The U.S. debt burden has already been rising quickly. Connors said federal debt has been expanding at an annualized pace of about 14% since mid-2025, and if the trend continues the total could grow roughly 15% year over year.
Market movements on Monday appeared to reflect some of those dynamics. Bitcoin rallied overnight and into the U.S. morning session as investors shifted capital away from equities and adjusted portfolios amid the possibility of a prolonged conflict. Since the first U.S. strike on Iran, the cryptocurrency has gained about 3.6%.
Connors acknowledged that a sharp rise in oil prices driven by the conflict could complicate the outlook by pushing inflation higher. However, he argued that even a stagflationary environment—where economic growth slows while prices continue to rise—could still support Bitcoin.
In such circumstances, policymakers may prioritize financial stability and government financing over strictly controlling inflation.
Connors also said the Federal Reserve effectively operates with a third, informal mandate beyond its traditional goals of maintaining price stability and maximizing employment: ensuring the smooth functioning of financial markets, particularly the U.S. Treasury market.
He pointed to past episodes such as the 2019 repo market crisis and the regional banking turmoil in 2023 that followed aggressive interest rate hikes as examples of disruptions policymakers are keen to avoid.
“The Fed has to make sure the Treasury market functions,” Connors said.
That reality could push policymakers toward lower interest rates over time, especially as the government increasingly relies on issuing short-term Treasury bills rather than long-term bonds. Lower rates could become even more likely if Kevin Warsh, reportedly favored by Donald Trump in part for his dovish policy stance, becomes chair of the Federal Reserve in May, pending Senate confirmation.

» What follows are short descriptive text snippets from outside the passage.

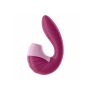 Stymulator wibrator do punktu G Satisfyer Supernova - 3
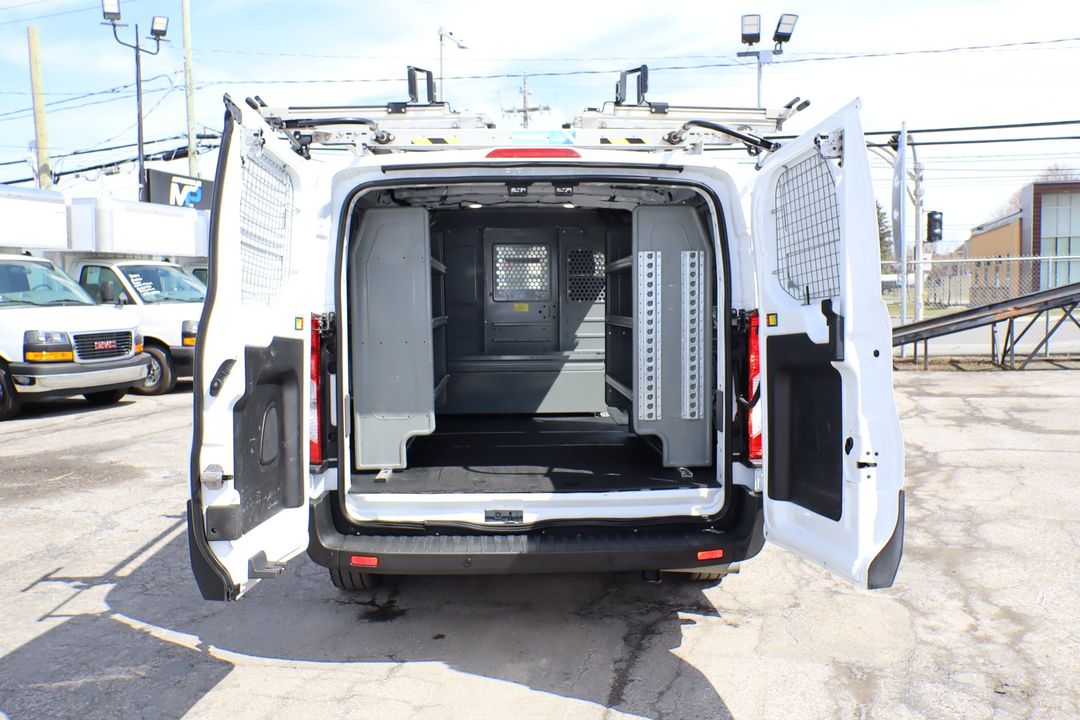 Ford Transit Cargo Van 2021 - Image 16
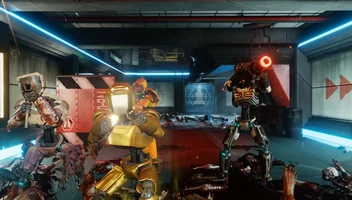 Killing Floor 2 Digital Deluxe Edition screenshot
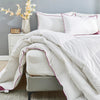 Savile Microfiber 13.5 Tog Quilt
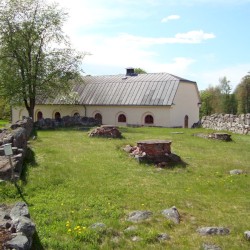 Gudsbergasjön - Del 2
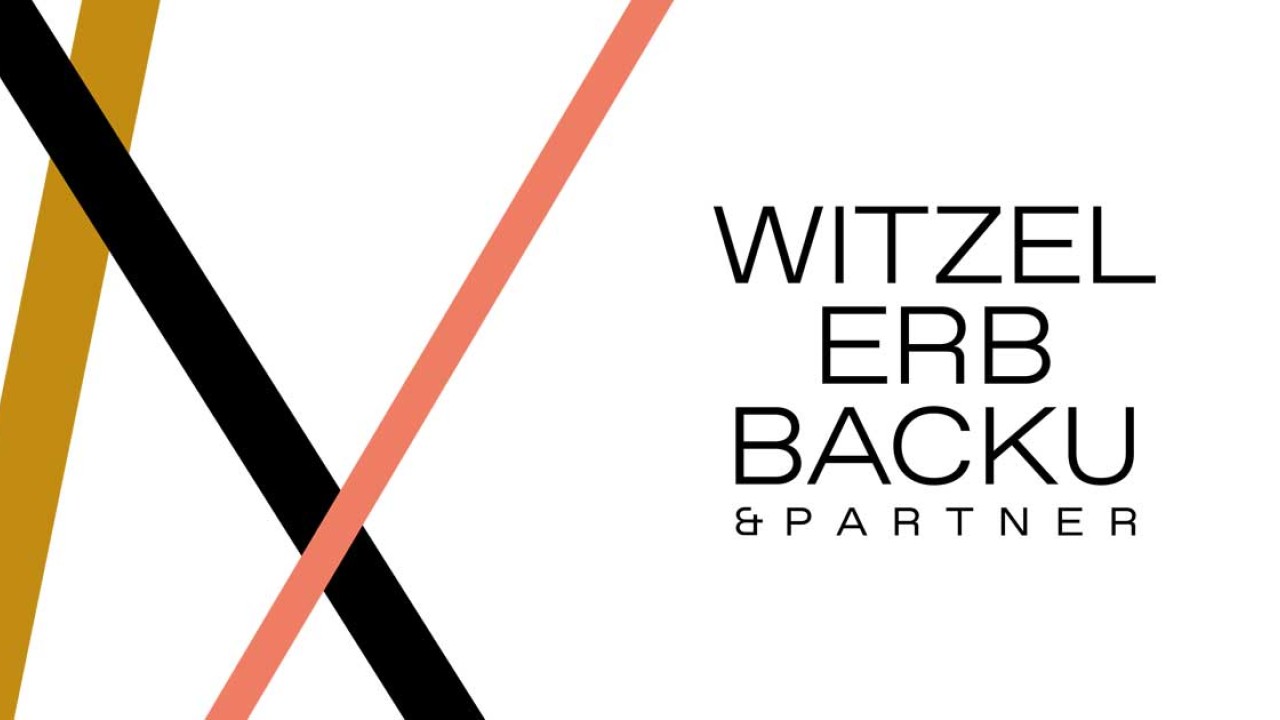 Witzel Erb Backu & Partner Rechtsanwälte Mbb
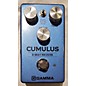 Used GAMMA CUMULUS Effect Pedal thumbnail
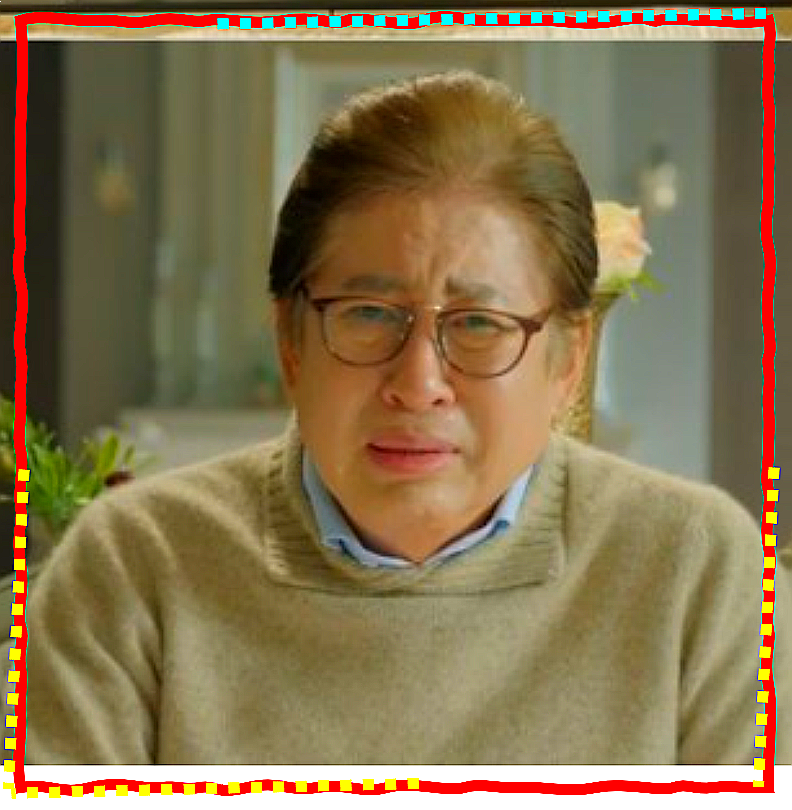 '79세' 국민 아버지 김용건, "안타까운 소식..ㅠ" ↑ 6세 아들에 대한 안타까운 진심…“아이가....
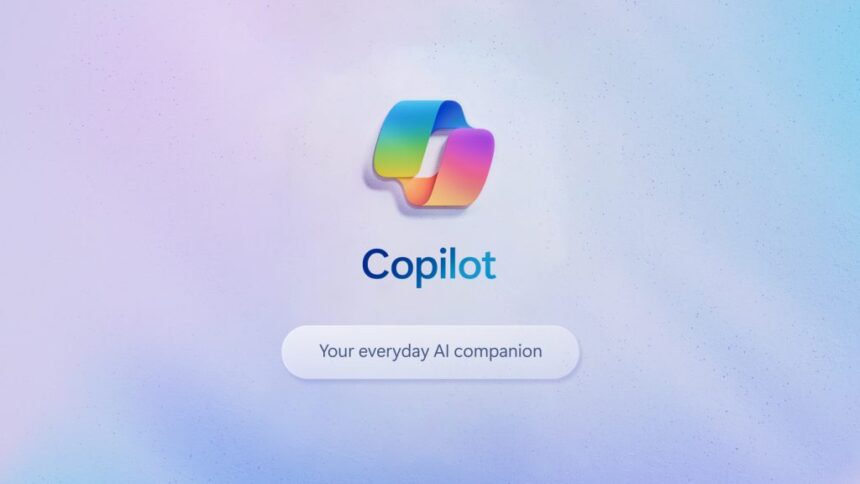 Announcing Microsoft Copilot, your everyday AI companion Announcing Microsoft Copilot, your everyday AI companion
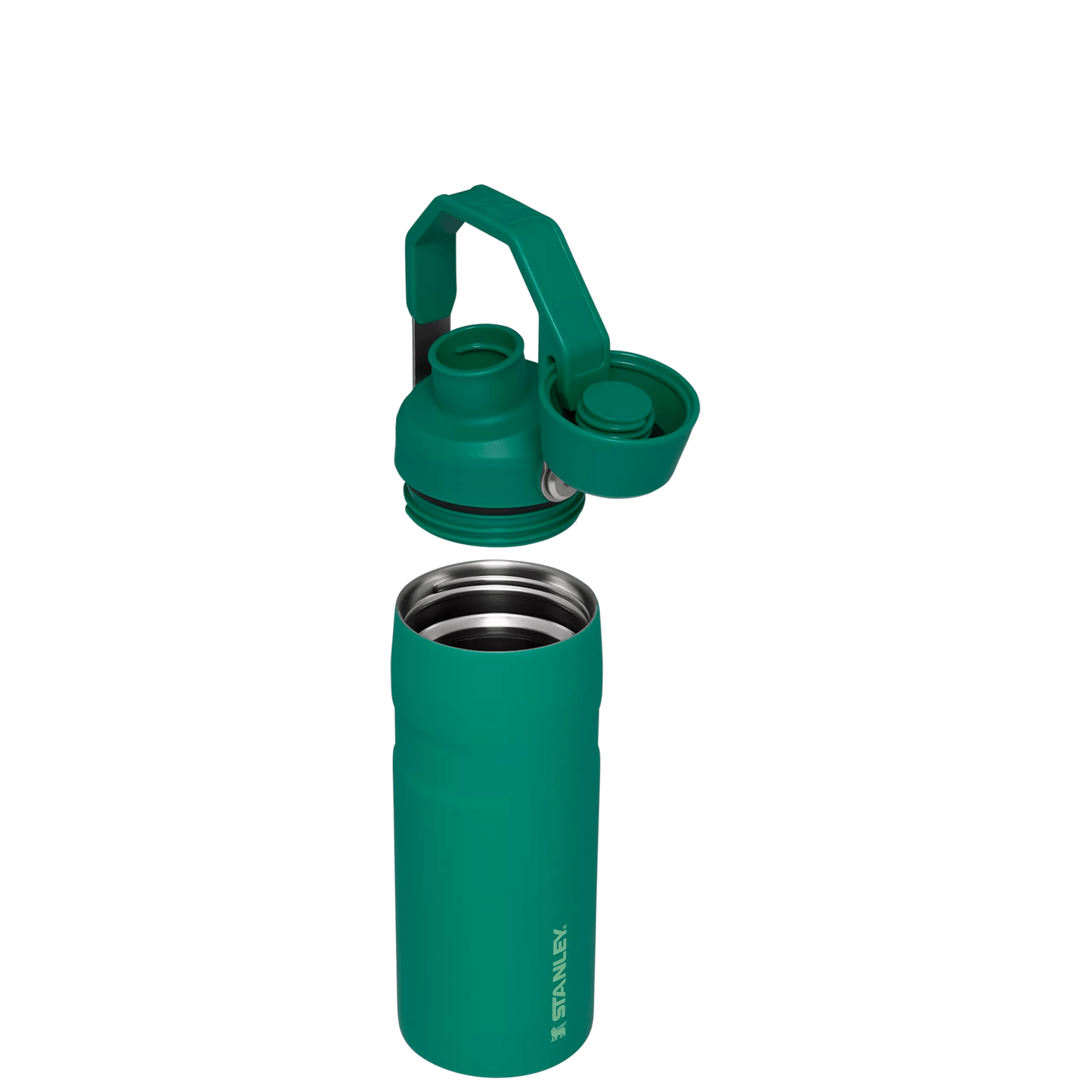 IceFlow? Bottle with Fast Flow Lid | 16 OZ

With a larger share of government debt rolling over more frequently, cutting short-term rates would directly reduce borrowing costs for the U.S. government.
If interest rates fall while fiscal deficits continue to expand, liquidity in financial markets would likely increase — a combination Connors believes tends to benefit Bitcoin.
“When rates go lower and debt keeps rising,” he said, “that’s usually the kind of backdrop where bitcoin performs well.”